My perspective on the processors is a little different. If you go for the Arrandale i5-750 you get 4 cores (but no hyperthreading or GPU) instead of 2 cores with hyperthreading plus on-chip GPU. You can see the equivalent Anandtech review for Arrandale at http://www.anandtech.com/show/2832 . If you compare the benchmarks in the review you quoted, the i5-750 has a Sysmark score of 217 versus 204 for the i3-540, which is only a 6% difference. However, if you look at multiple benchmarks (see Tom's hardware comparison chart http://www.tomshardware.co.uk/charts/desktop-cpu-charts-2010/compare,2414.html?prod[4483]=on&prod[4487]=on (which is for i5-530, not i5-540 but is still relevant)) the differences are often much greater. In particular, if you look at the Adobe Photoshop Image processing benchmark, which is the only one that I know is definitely using parallel processing on all available cores, then the 4 core processor is twice as fast (unsurprisingly). My expectation is that as time goes on more and more compute-intensive applications (such as audio and video encoding and compiling) will start to use multiple cores fully, so it makes sense to buy for the future.
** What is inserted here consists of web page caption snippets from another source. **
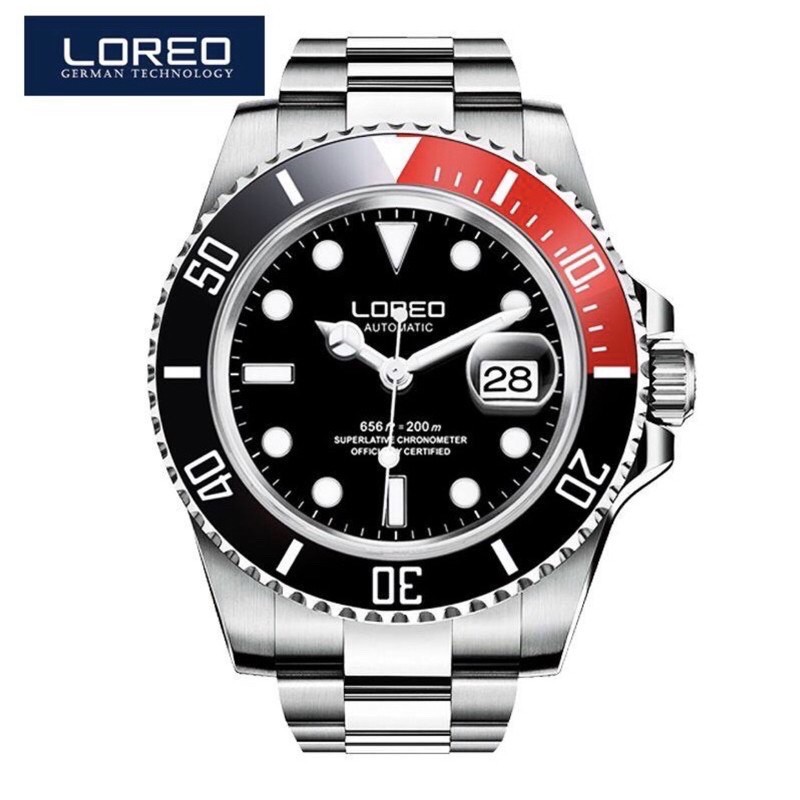 Jam Tangan Pria Automatic Loreo Submariner Cola Anti Air 200M Homage High Quality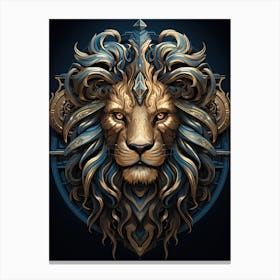 Lion Art Painting  Art Deco 1 Canvas Print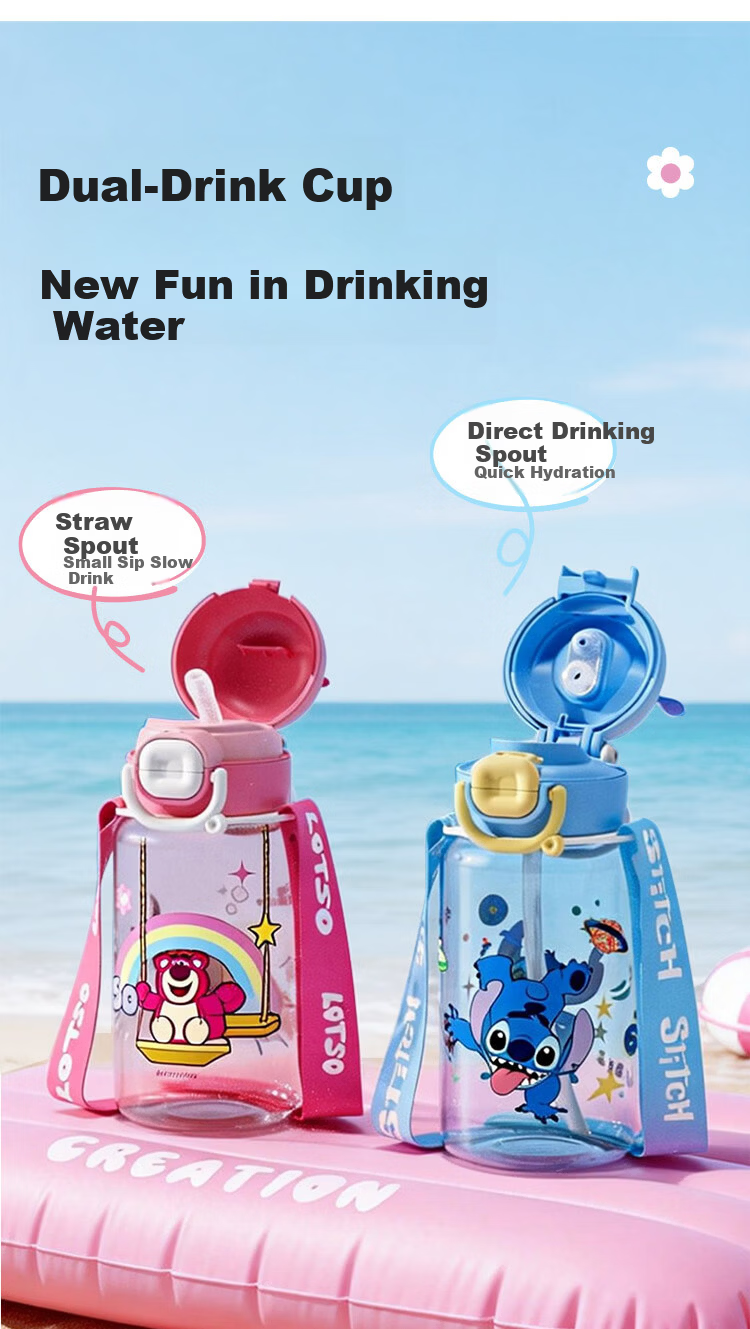 Disney Large Capacity Straw Water Bottle High-Quality Cup for Men and Women Children's Student Sports Water Bottle Summer Gift 3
Another factor is memory bandwidth; assuming that some audio work is memory intensive (in particular playback using large sample banks) then I think this is important. The i5-750 has a memory bandwidth of 16.9 GB/s vs. 11.6 for the i3-530 (from the comparison chart); this is a 46% improvement. Compounding this is the fact that the onboard GPU is using main memory as video memory, so that memory bandwidth is also being shared with all the video data, which could eat up a large chunk of the capacity. So the i5 must come out way ahead on memory bandwidth available for the CPU.

Thirdly, you can get cheap fanless video cards with far better performance with the onboard GPU and no uncertainty about whether they work with the real-time kernel (but ask what models are tested, I remember hearing that some of the proprietary drivers also caused problems it the RT kernel).

My philosophy is to let the CPU do processing, and the video card handle video with its own separate memory that doesn't compete with the CPU; combining the two can only lead to compromises.